My counter argument is simple; It is not the referees responsibility to stress-test equipment, up to and including the netting affixed to the goals. It is the home team’s responsibility, luckily for Dr. Brych and his officiating team, (in this instance that is the injured party Hoffenheim), to ensure the field of play conforms to the standards as set out by the league. If the field crew did not notice any weakness or defect in the netting prior to the match, then why should the referee be any different?
After all, the grounds crew are (presumably) who specialize in the care of the field of play and in ensuring it conforms to the standards set forth by the league. The referee is not a groundskeeper. Referees, under no circumstances, are to repair ANYTHING on the field of play because that is not their area of expertise. That is not their job nor their responsibility.
What IS their responsibility is that if they notice an issue with the field of play, they are to inform the home team, and the home team is responsible for making the field of play conform to the standards of the league or else the match is not to be played. It is to be rescheduled or forfeited, based on the rules and standards of the league in which the match is to be blamed.
Sorry, dear overly-critical fan who loves to blame the referee from the peanut gallery in an exercise of Schadenfreude, a German word which represents the act of taking joy in the hardships and miseries of others. Not the referee’s job, not the referee’s responsibility. That’s a Hoffenheim employees mistake. That’s his mistake, not Dr. Brych’s nor his assistants. Nice try, though! (coughcoughassholecoughcough)

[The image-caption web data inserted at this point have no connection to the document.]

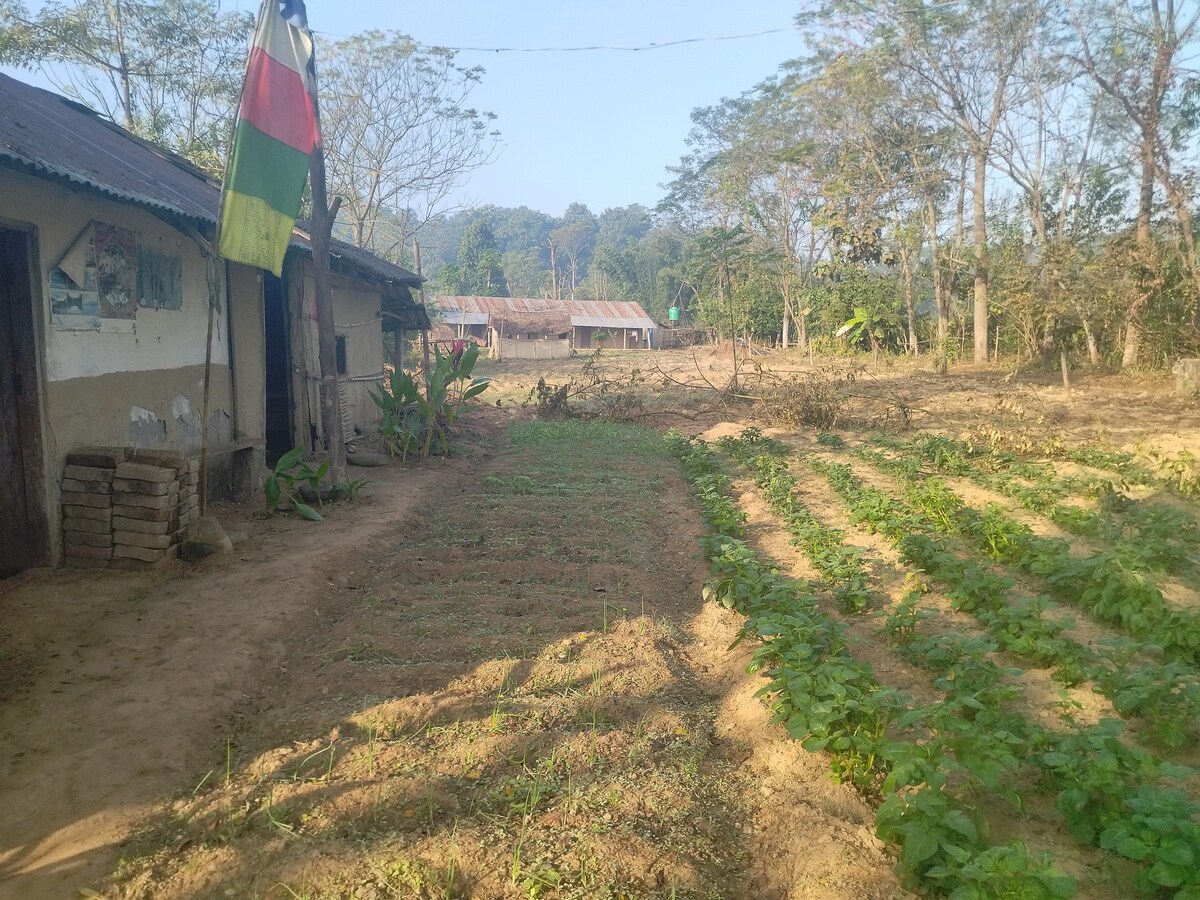 Bird Sanctuary Farm House — photo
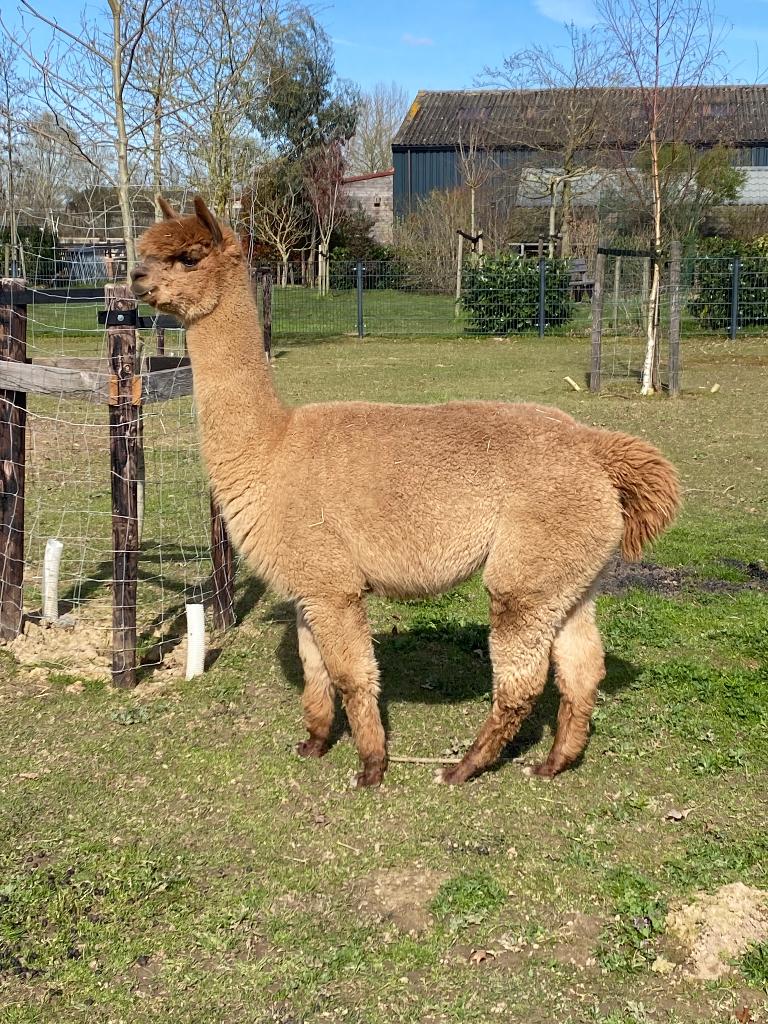 Alpaca merrie, AAB011839, Fawn, geboren 03-07-2022, Dieren en Toebehoren, Juli, Vrouwelijk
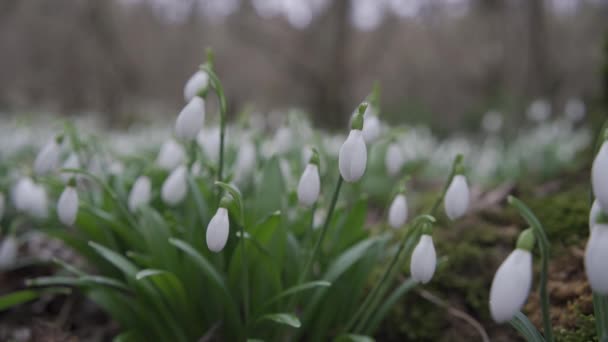 Gotas Neve Brancas Início Primavera Floresta Imagens Bonitas Galanthus Vulgarmente — Vídeo de Stock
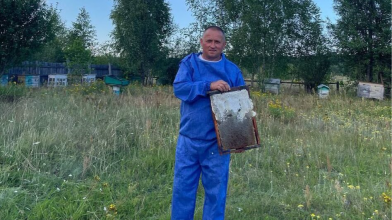 Мед купують зі всієї області: волинянин понад 15 років займається пасічництвом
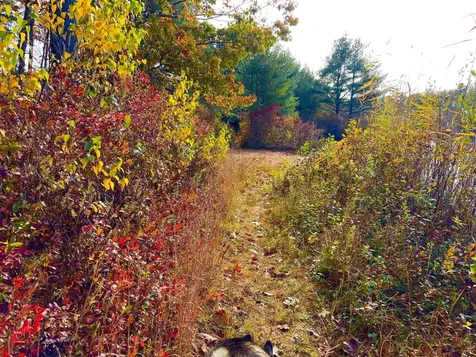 31 Beatrice Street Danville NH 03819-5148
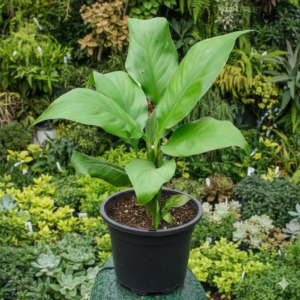 Peace Lily Flower Healthy Plant - Image 2
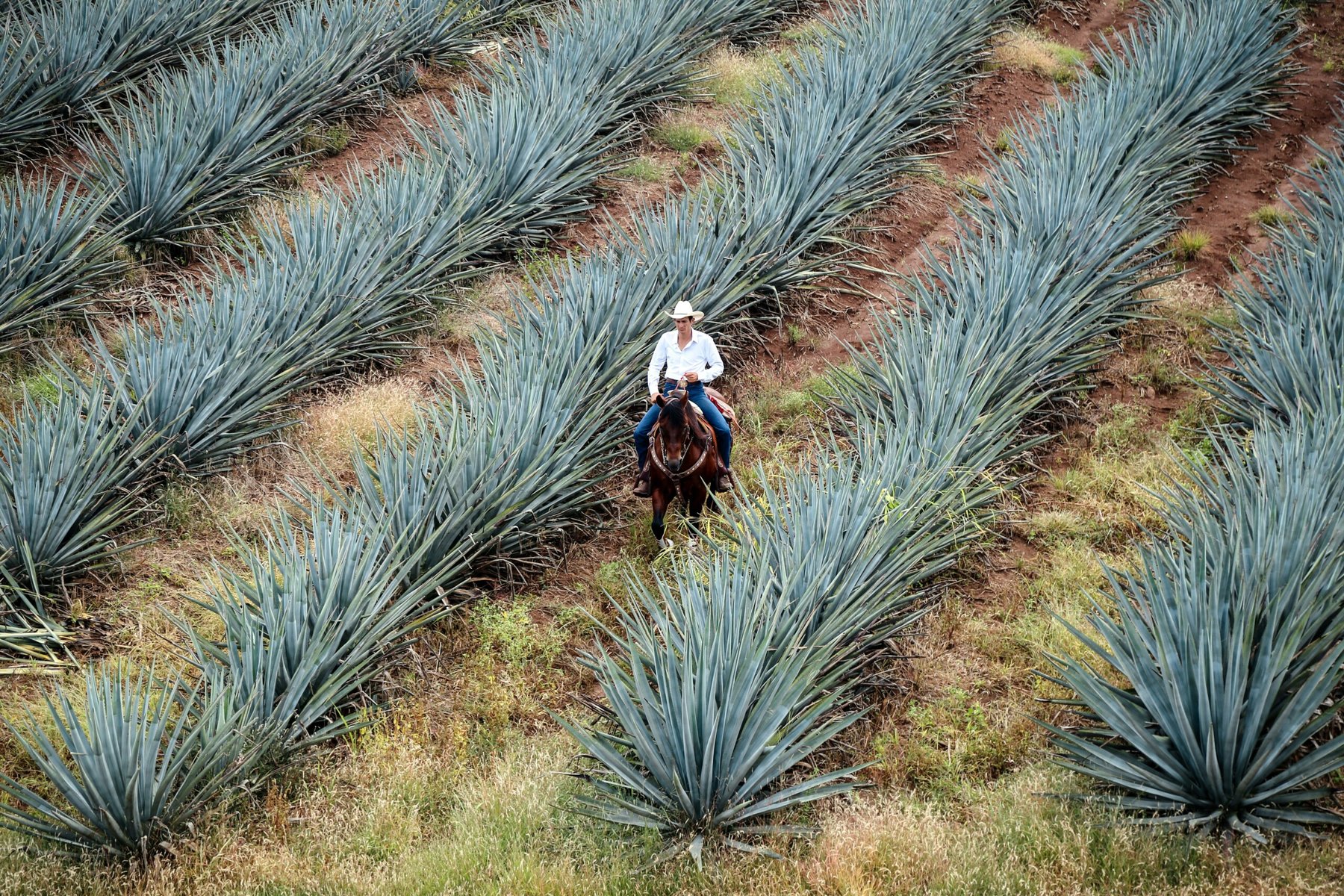 Mexico bans 35 high-risk pesticides in push for sustainable farming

Now, as a referee, I will break the unspoken law of Omerta (or “Code of silence”) to confide this much in you, dear readers. We referees know when we miss calls or make the wrong call. We know before players do, before the fans do, and before the managers do. It’s part of the explicitly sharp instincts and intuition you must develop if you want to stand in the hot spot and wear the coveted “White patch” which signifies FIFA accreditation, the highest level of refereeing accomplishment in FIFA’s infrastructure.
As they say in show business, however, the show much go on, and REGARDLESS of how awful a call we may make, how blatant a foul we miss, or how MANY of them we make or miss in one game, we are taught from the beginning, when most of us are still adolescents, that we must continue officiating the match as though we are infallible and we have not, can not, do not and will not make mistakes. Much like how your grandmother never passes wind, even when she is the only one in the room and both her own ears and nose betray her, it simply does not happen and that is the assumption which we are expected to operate under.
There is a line which I was taught by a man who has over 50 years experience as a match official, and whose knowledge and experience in the beautiful game are so extensive, they are beyond argument or reproach. “When a player trots by me and says “You really blew that call ref,” I look him dead in the eye and say “If you think that’s bad, wait to you see how I call the second half.” And I’ll let you in on a little secret, dear readers. That line works. I know. I use it frequently. Simply because, it doesn’t matter if I “blow the call”. I am the referee! What are the seven golden rules?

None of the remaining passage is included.